* _What you are asked to do_:
Filter by the string "para": return the lines of the material that contain it.
### Supplied material ###
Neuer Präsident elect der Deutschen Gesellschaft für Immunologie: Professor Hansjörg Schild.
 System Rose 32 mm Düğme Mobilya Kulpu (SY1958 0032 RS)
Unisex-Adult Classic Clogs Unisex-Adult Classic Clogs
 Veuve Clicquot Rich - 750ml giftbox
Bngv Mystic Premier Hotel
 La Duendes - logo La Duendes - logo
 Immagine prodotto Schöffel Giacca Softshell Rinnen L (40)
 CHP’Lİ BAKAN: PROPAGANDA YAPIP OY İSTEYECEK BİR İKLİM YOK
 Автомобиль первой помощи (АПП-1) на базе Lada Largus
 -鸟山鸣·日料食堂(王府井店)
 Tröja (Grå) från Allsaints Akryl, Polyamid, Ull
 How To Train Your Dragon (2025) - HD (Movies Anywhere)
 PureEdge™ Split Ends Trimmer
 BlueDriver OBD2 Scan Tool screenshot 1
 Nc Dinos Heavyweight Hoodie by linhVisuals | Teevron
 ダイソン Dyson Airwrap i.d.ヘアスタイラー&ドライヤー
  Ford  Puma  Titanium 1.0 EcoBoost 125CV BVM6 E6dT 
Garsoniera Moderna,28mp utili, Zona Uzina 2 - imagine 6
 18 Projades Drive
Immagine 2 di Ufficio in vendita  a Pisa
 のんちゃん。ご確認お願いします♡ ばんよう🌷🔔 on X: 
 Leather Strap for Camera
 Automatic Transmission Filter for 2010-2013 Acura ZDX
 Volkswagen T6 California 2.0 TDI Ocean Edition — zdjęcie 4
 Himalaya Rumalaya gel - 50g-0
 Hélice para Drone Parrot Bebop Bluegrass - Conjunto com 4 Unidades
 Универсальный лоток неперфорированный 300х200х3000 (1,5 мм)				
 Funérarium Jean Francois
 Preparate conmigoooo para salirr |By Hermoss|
###
* _Reply to the task_:
 Hélice para Drone Parrot Bebop Bluegrass - Conjunto com 4 Unidades
 Preparate conmigoooo para salirr |By Hermoss|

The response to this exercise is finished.